Sixty-six percent of the women interviewed said they started working as prostitutes to pay off debts, while 10 percent said they had no other profession and no other way of supporting their children. More than 70 percent said that working as prostitutes had failed to solve their financial problems and therefore they could not stop.
“I had problems with my mortgage, the National Insurance Institute didn’t help. They wanted to take my house,” one woman told interviewers. Another said, “I worked as a waitress and at McDonald’s before this, but inflation started and all the prices went up. Everything was expensive – food, everything – so I needed more money.”

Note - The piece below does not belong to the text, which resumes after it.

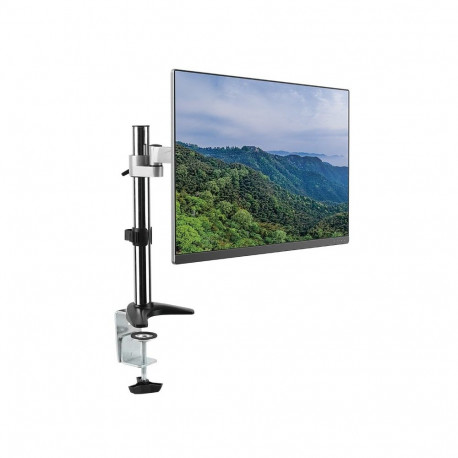Monitor mount 13-27, aluminium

The women interviewed had an average of 12.2 years of schooling, while 20 percent had academic degrees. Of the other reasons women said they entered prostitution, 9 percent said they were led into it by another person; 7 percent cited substance abuse; and 5 percent said sexual abuse.
The survey distinguished between various types of prostitution: street- or apartment-based; prostitution offering massage or escort services; services such as exotic dancing; domination; and prostitution among transgender individuals. The survey showed that prostitution in dwellings was nine times more common than in the street.

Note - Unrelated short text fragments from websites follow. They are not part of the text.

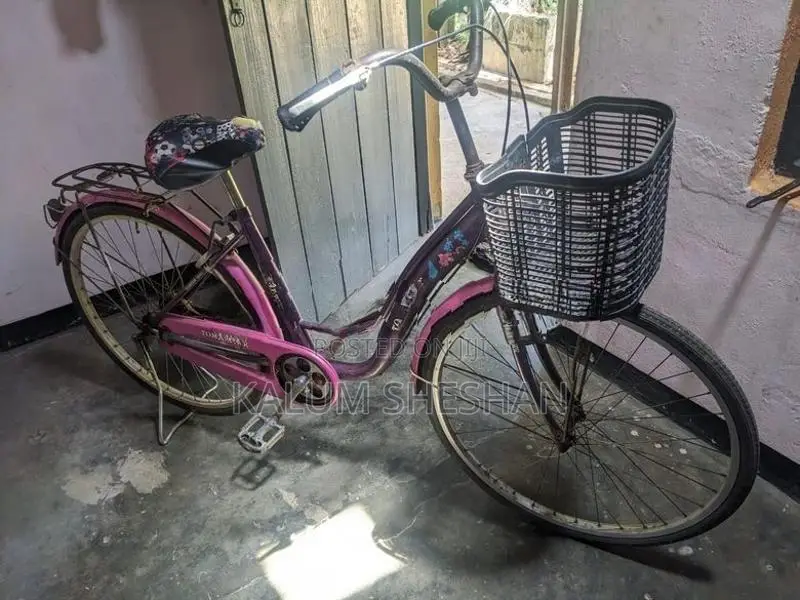 Bicycle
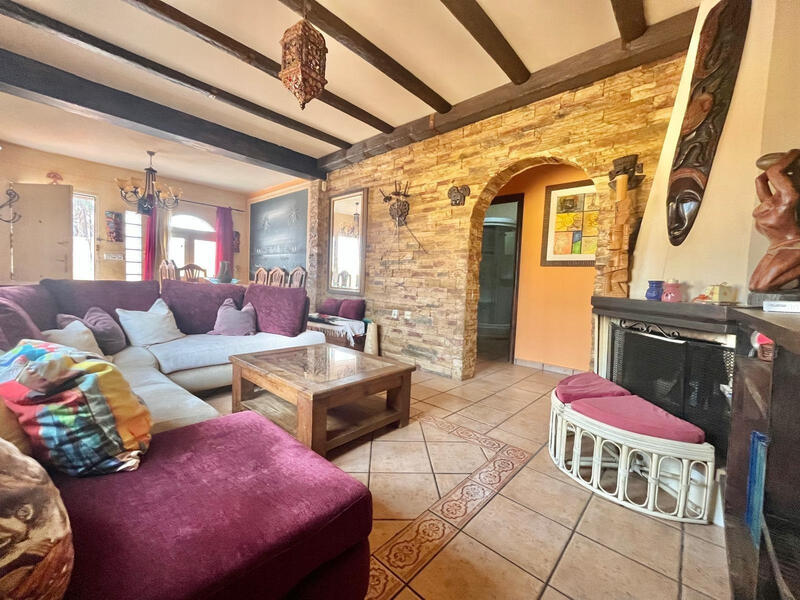 2 bedroom Villa for sale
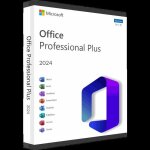 Microsoft office 2024 professional plus version complte activation directement par internet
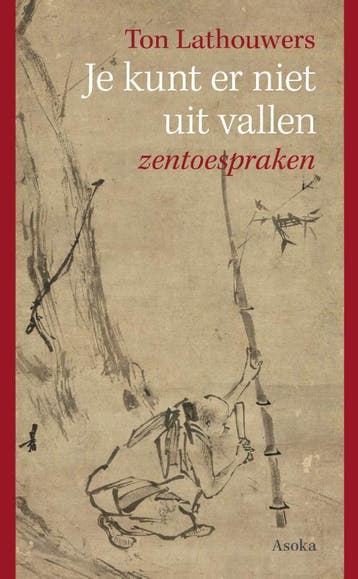 Je kunt er niet uit vallen 9789056703998 Ton Lathouwers, Verzenden, Gelezen, Ton Lathouwers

The women in the survey said they took an average of 5.3 clients a day and that they normally worked 2.5 days a week. About a quarter of the women said they took more than seven clients a day. The survey revealed that most of the women interviewed were not temporary sex workers: 40 percent had been working between five and 15 years, and 12 percent had been prostitutes for more than 16 years.
The findings showed a large gap between the number of women who want to leave prostitution and those who believe they can – 76 percent versus 24 percent. In answer to the question “Do you see yourself in prostitution for many more years?” one woman responded, “I really hope not. The truth is I tried to go home, but the easy money brought me back here. This is not my dream, but the reality is different. There’s nothing to be done. I would like a normal life.”

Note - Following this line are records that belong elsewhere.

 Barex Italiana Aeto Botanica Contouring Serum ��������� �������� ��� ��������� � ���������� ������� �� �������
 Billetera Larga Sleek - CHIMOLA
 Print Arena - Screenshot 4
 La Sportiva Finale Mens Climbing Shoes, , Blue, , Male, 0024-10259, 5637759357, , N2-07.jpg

The main center of prostitution in Israel is Tel Aviv and the center of the country – 62 percent of the “discreet apartments” and 48 percent of the massage parlors are in the Tel Aviv area. Only about 1 percent of such facilities are in Jerusalem.
The survey discovered there were approximately 670 adult sex websites in 2014, including erotic pictures of women and men offering to pay for sex. Advertising sex for a fee is becoming more common, and there are also apps for this purpose. These findings, according to the survey, show a change in the sex industry in Israel. In the past, it was an underworld phenomenon dominated by pimps, whereas sex on the Web is global and without boundaries – which must be dealt with internationally, the survey concluded.
The authors of the survey conceded that they had difficulty pinpointing an accurate number of minors working in prostitution. To arrive at a figure, the survey used numbers provided by social workers and by an at-risk youth assistance organization, Elem.
“My mother threw me out of the house. If I went to her, she’d call the police right away. I was 12 and I saw some guy drive by in a car; he stopped for me. He was 27 and he asked me why I was outside at that hour. He offered to take me to live with him in a village in exchange for me sleeping with him regularly,” one minor said.
Forty-five percent of the women interviewed said they started working as prostitutes between the ages of 25 and 39. Only 9 percent said they started when they were under 18. Most of the women – 62 percent – were mothers, and 9 percent were married.
Fifty-two percent of the women interviewed were natives of the former Soviet Union or Eastern Europe; most had come to live in Israel during the wave of immigration in the 1990s.
In terms of male sex workers, some 68 percent provide sex exclusively to men, and 23 percent only to women. Nine percent provided sex to both men and women. Forty-one percent of the men said they were sex workers because they were attracted to the profession; 40 percent cited economic hardship as the reason.